There is no harm in playing around with rough material that isn't suitable for cabbing or faceting. :bigsmile:
 
hello evergreen,
i`ve been living in ratnapura for several years doing the heat thing with rough sapphires.
to have a secret receipe is only the half rent.
because everything starts with gem itself.
you got many different varieties of geuda.
you got silky, milky, young milky, ottu, dark ottu, young silky, thick silky, dot stones etc.
each variety got diffent timing and different temperatures. some of them were yet to be unknown 15 years back.
i mined a white sapphire which occured to be a burn stone. in sri lanka they call it dung.
you can see the diesel smokelike cloud (no geuda) under magnification and with a very thin light beam only.
then you got the dotted stones. this stone can appear in any corundom known colour and pocesses a single or many blue dot/s.
after burn this and the dung variety gives you the nicest cornflower blue you can imagine.
usually every single gem needs a different treatment. every single piece.
dark ottu for example, you can burn with a pipe and coconut shells blowing for one hour. every minute changes the colour.
to know the right treatment to a gem you need to have a big knowledge.
thisknowledge is only available to people doing this for years , daily.
you get no stone twice! there is no common treatment!
nobody would burn two 20 carat blue sapps in the same oven the same way because it is a milky geuda.
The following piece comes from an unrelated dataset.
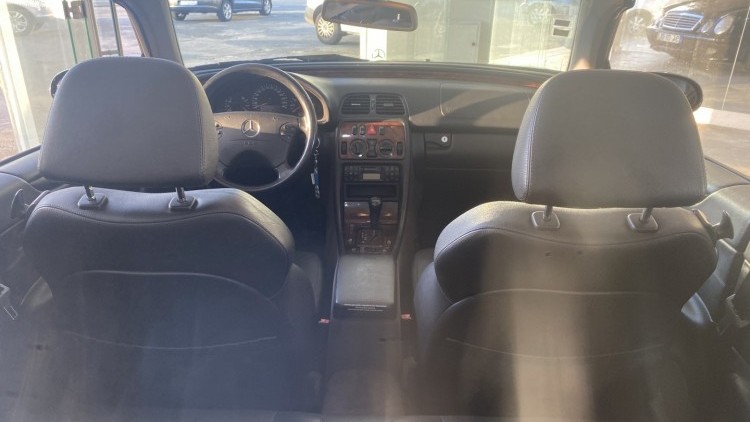 Mercedes-Benz Classe CLK 200 Kompressor "Elegance" Cabrio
in smaller sizes they do lot burn.
BROWN IS DEATH TO BURN STONES
BROWN BECOMES WHITE/UGLY CLOUDY WHITE

regards from berlin
 
Aero, thanks for your reply! It's VERY cool to hear from someone who does this for a living. I'm afraid I didn't understand many -- any? -- of the terms you used, and even Wikipedia's article on geuda isn't very satisfying. It's clear there are lots of nuances in this area that, as you point out, are really only available by long and no doubt painful experience. It would be very interesting to see some photos, though I understand how a systematic examination (and documentation) of what you look for and how you improve a stone's appearance would be something you'd like to keep private! When you say "in smaller sizes they do lot burn", do you mean they burn (heat?) a lot of small corundum samples all at once just to see whether good stones result?